Figure 5. Effects of naturally occurring MRGPRX2 mutations (N16H, W243R and H259Y) on cell surface expression, Ca²⁺ mobilization and SP-induced degranulation in transiently transfected RBL cells

(A): Flow cytometry was performed using PE-anti-MRGPRX2 antibody to determine cell surface expression of wild-type (WT) and variants in transiently transfected in RBL cells. Representative histograms for WT/Variant (thick line) and control untransfected cells (thin line) are shown. (B): Cells expressing WT and MRGPRX2 variants were loaded with Indo-1 and intracellular calcium mobilization in response to SP (1 μM) was determined. Data shown are representative of three independent experiments. (C): Cells were exposed to buffer (control) or SP (1 μM) for 30 min and β-hexosaminidase release was determined. All data points are expressed as mean ± SEM of three experiments performed in triplicate. Statistical significance was determined by two tailed unpaired t-Test. ** indicates P value <.01.

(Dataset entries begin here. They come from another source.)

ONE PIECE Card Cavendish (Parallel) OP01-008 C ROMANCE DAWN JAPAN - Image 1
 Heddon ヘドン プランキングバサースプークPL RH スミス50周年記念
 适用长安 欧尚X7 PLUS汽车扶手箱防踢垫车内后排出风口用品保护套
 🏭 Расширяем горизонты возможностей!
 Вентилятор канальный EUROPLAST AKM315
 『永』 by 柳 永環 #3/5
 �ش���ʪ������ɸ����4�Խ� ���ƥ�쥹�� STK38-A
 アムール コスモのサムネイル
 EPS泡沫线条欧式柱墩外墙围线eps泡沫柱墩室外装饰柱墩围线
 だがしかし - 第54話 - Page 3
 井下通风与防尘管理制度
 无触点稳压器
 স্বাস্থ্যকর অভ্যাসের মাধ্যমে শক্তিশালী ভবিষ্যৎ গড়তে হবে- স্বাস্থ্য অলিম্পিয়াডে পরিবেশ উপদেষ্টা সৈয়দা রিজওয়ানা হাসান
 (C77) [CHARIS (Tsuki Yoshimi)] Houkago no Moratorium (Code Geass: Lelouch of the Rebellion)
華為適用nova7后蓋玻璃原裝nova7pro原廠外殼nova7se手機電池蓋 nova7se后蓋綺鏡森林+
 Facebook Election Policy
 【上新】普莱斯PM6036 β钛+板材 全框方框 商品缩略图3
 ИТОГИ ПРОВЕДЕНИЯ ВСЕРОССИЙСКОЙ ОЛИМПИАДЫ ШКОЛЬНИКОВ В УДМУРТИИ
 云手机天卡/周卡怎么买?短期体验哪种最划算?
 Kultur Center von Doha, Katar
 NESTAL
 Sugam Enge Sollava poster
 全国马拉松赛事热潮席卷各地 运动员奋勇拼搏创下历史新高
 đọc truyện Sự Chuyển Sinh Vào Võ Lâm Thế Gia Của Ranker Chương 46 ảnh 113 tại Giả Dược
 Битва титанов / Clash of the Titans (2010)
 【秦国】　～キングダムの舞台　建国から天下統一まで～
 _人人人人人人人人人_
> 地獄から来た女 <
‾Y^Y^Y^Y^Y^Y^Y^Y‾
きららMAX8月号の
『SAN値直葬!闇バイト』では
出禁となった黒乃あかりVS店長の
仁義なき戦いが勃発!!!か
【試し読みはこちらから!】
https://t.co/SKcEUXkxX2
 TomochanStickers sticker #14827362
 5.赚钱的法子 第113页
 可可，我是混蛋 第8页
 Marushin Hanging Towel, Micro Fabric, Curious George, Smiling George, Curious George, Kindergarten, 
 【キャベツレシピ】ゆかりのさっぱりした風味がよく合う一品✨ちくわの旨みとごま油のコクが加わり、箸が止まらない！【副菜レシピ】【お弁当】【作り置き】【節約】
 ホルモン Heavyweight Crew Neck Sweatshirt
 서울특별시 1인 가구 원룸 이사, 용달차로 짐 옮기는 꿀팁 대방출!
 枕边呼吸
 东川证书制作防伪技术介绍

Figure 6. Effects of MRGPRX2 mutations (N16H, W243R and H259Y) on degranulation in response to HK-1, hBD3 and icatibant

RBL cells transiently expressing WT, N16H, W243R and H259Y variants were stimulated with (A) HK-1 (10 μM), (B) hBD3 (3 μM) and (C) icatibant (25 μg/ml) and β-hexosaminidase release was determined. All the points expressed as a mean ± SEM of three experiments in triplicate. Statistical significance was determined by two tailed unpaired t-Test. *** indicates P value<.001, ** indicates P value <.01 and * indicates P value <.05.